Despite its pristine location in Saskatchewan’s boreal forest on the edge of the Canadian Shield, the town of La Ronge, Sask. (population: ca 5,700) has had its share of pain—experiencing, since 2015, a suicide crisis and evacuation for wildfires.

Recently this town, about 250 km north of Prince Albert, has been facing a new cause for grief: the discovery of unmarked graves of Indigenous pupils who died at a local former residential school—this one operated by the Anglican Church of Canada.

The Lac La Ronge residential school closed in 1947, but the cemetery also contains graves of community members. Photo: Contributed

The Lac La Ronge Indian Residential School opened in 1907. It burned down in 1920 and was thereafter replaced with a new school, All Saints. According to Indian Affairs records cited in a University of Regina profile of the school, a 1937 government inspector expressed concern at how poorly the children were being fed. The inspector also described overcrowding of classrooms and dormitories, in which students with tuberculosis slept alongside their classmates. All Saints burned to the ground in 1947 after two boys set it on fire, and its students were then transferred to another school.

On Oct. 1, a day after Canada’s first National Day for Truth and Reconciliation, the diocese of Saskatchewan’s bishop, Michael Hawkins, and diocesan Indigenous bishop Adam Halkett attended a survivors’ gathering in the old cemetery across from All Saints Anglican Church, the town’s oldest building. They joined school survivors and members of the Woodland Cree Lac La Ronge Indian Band (LLRIB) to observe a search for unmarked graves at the site, an initiative which began in July.

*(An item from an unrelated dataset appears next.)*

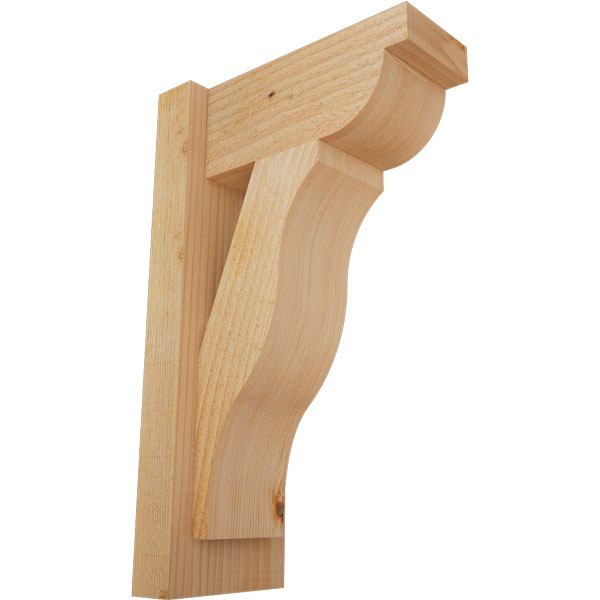Ekena Millwork OUT06X12X20FST02RDF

Some grave markers for these deceased children (as well as other community members) still exist, but LLRIB chief Tammy Cook-Searson confirmed that a substantial number of unmarked graves had been found.

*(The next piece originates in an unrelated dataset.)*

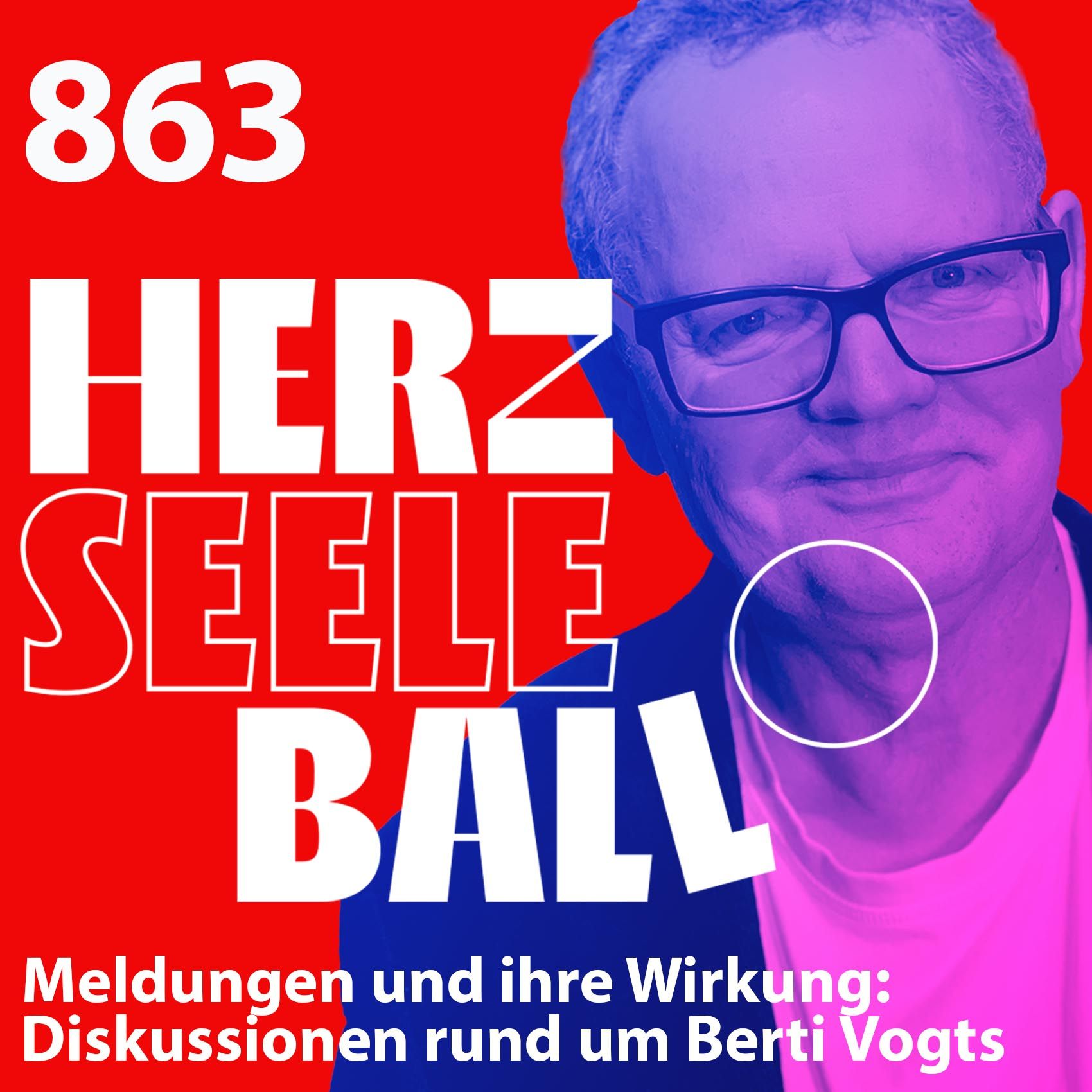 Herz • Seele • Ball • Folge 863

“We did have to do a lot of cleanup on the site. It was very overgrown,” she said. “The band used to have an elder, an archdeacon, who looked after the site but except for the front part, the cemetery hasn’t been kept up in recent years.” Aiding in the search is a ground-penetrating radar machine supplied by engineering firm SNC Lavalin.

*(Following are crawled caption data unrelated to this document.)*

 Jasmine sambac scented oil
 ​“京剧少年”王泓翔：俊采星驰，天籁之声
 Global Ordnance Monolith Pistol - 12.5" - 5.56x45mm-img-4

The fourth volume of the report of the Truth and Reconciliation Commission, released in 2016, deals with missing residential school children and unmarked graves. According to the report, Christian burial was the norm at most schools run by the churches. However, government regulations around cemeteries were “non-existent or undeveloped” when many residential schools were founded, so that “most residential school cemeteries were established informally,” with, frequently, a lack of thought given to their continuing care once the schools closed. The commission attempted to document former residential school cemeteries but found that most were “abandoned, disused, and vulnerable to accidental disturbance.” The report also mentions that in some cases graves were marked by simple wooden crosses that have rotted to pieces over time.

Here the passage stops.